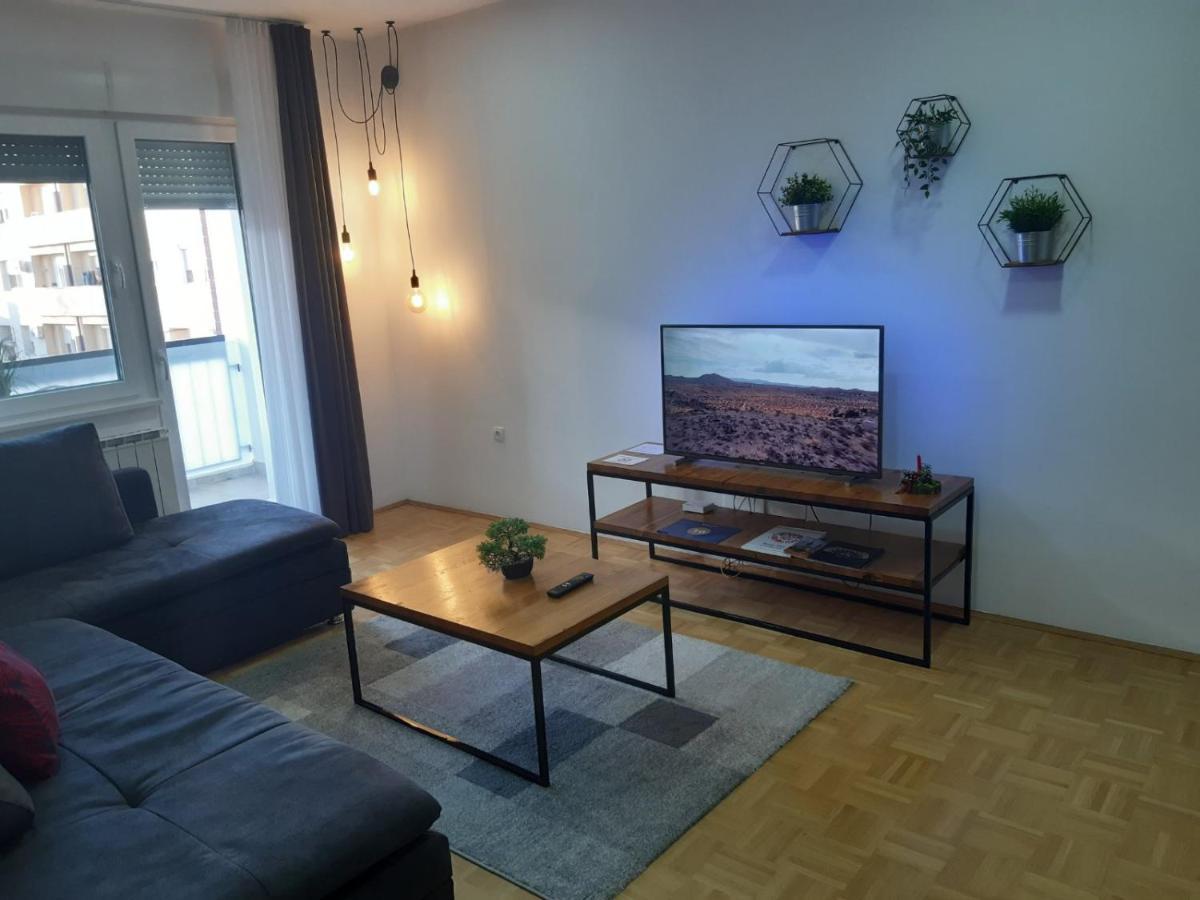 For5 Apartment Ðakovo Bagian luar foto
...
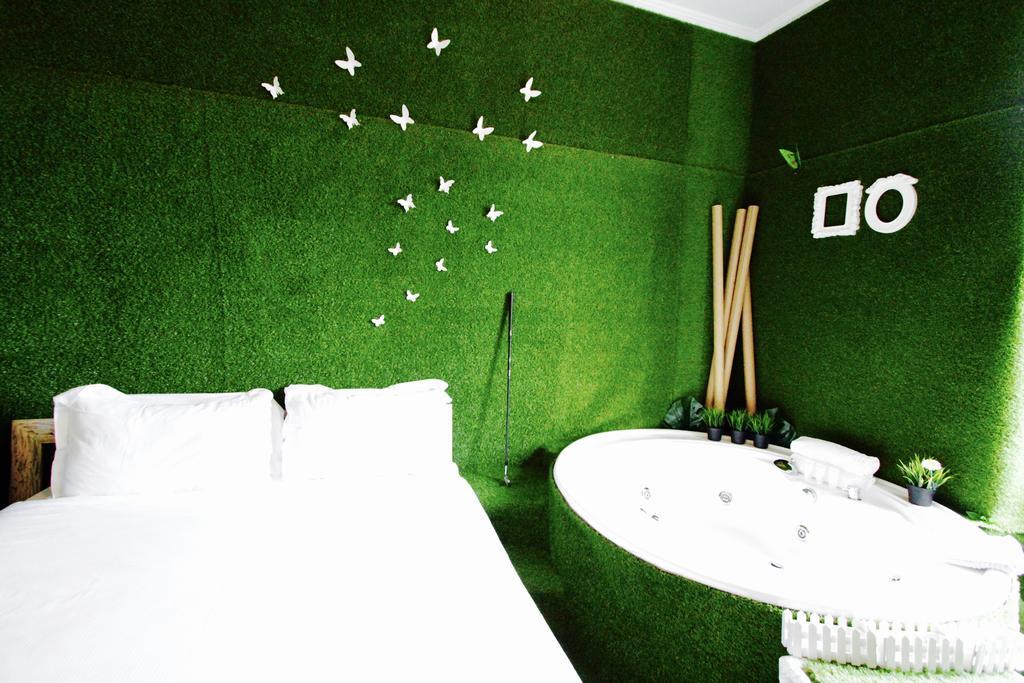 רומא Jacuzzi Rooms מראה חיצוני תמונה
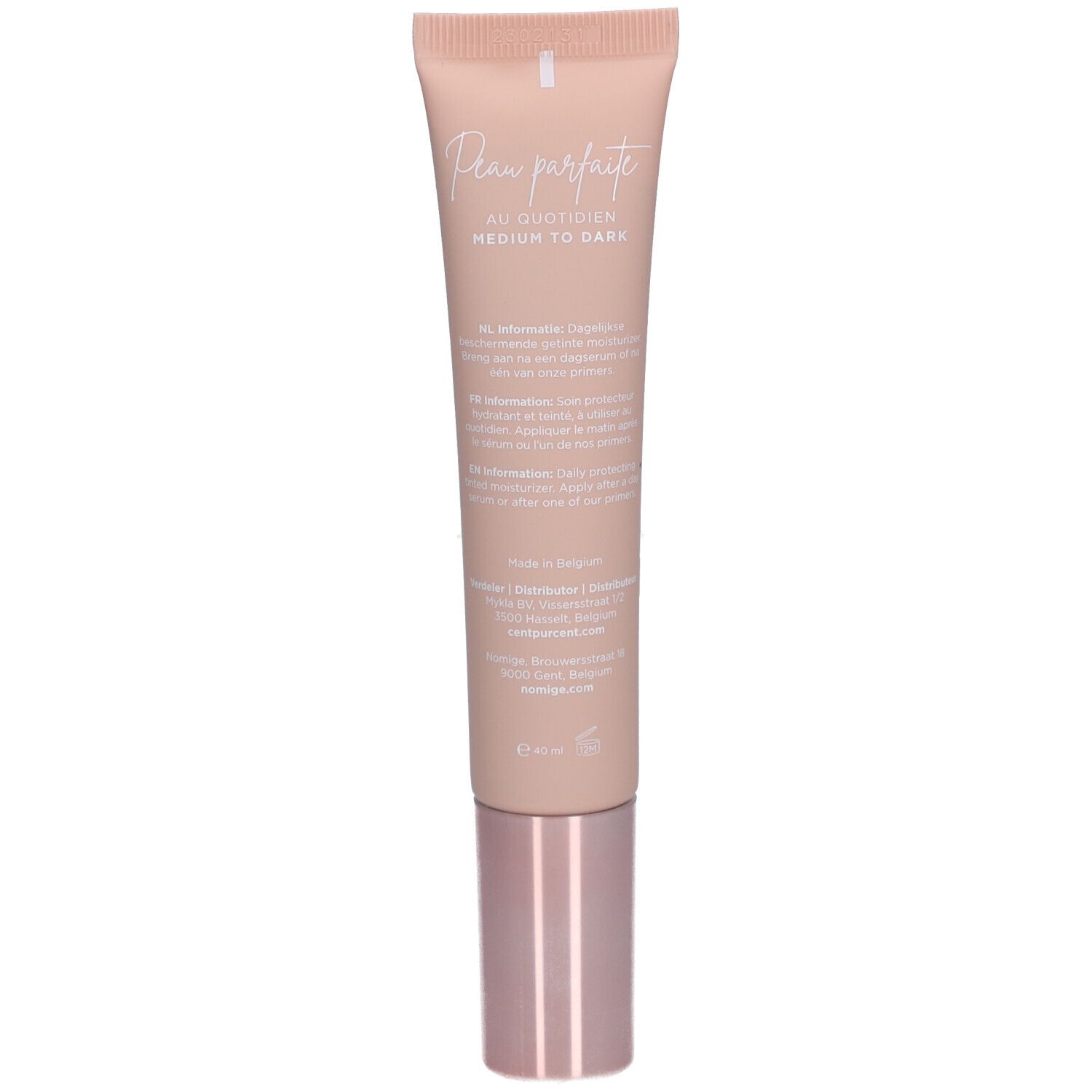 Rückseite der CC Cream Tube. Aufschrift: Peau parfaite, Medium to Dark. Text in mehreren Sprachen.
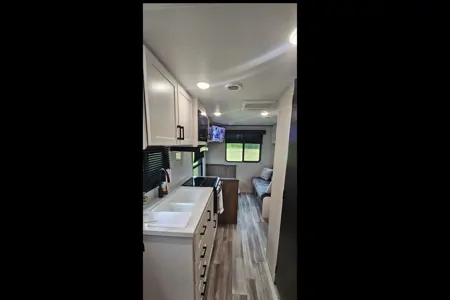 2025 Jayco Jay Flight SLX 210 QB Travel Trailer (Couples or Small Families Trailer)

- [PROBLEM STATEMENT] Transcribe, word for word, the lines of the listing above from the one that contains "Rückseite der CC" through the one that contains "2025 Jayco Jay", keeping both ends and dropping the pictures.

- [RESULT]
 Rückseite der CC Cream Tube. Aufschrift: Peau parfaite, Medium to Dark. Text in mehreren Sprachen.
 2025 Jayco Jay Flight SLX 210 QB Travel Trailer (Couples or Small Families Trailer)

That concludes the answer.